Recently, a delegation from a Central Iowa rural broadband cooperative met with members of Iowa’s congressional delegation in Washington, D.C., to discuss the impact small communications providers make.
Partner Communications Cooperative joined more than 500 rural telecom representatives from across the United States for educational briefings about emerging rules and regulations and other industry issues. A PCC delegation also met with staff members of Iowa’s congressmen.
“It is imperative that we go to DC and communicate the reality of the cost of serving rural low density areas,” PCC manager Don Jennings said. “Joining our cooperatives’ efforts together gives us a bigger voice to communicate our message.”

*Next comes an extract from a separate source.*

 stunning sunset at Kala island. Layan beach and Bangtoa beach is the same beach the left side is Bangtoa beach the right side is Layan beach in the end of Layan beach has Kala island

PCC director Don Feld urged the congressional delegates to help small rural telecoms continue to provide the services their communities need at affordable rates by ensuring reforms do not deter future broadband investment in rural Iowa. The broadband cooperative has deployed next-generation “fiber to the home” technology in its Kellogg exchange, but has been forced to slow further deployment as a result of FCC reforms.
Partner Communications provides more than 5,000 connections of internet, video and voice service to members within its 324 square mile operating area, which includes Baxter and Kellogg in Jasper County.

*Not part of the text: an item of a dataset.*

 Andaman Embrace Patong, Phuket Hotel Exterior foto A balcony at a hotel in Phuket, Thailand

Cuts to the Universal Service Fund have put existing investment in rural broadband at risk, PCC advisory board member Kevin Gifford said. Those cuts also “discourage future investment in new broadband-capable networks” by companies that serve low-population density markets, such as rural Jasper County, he added.
Partner Communications director Harlan Quick noted the importance of broadband for rural business development and growth. It also brings education, public safety, telemedicine and other opportunities to rural consumers, he said.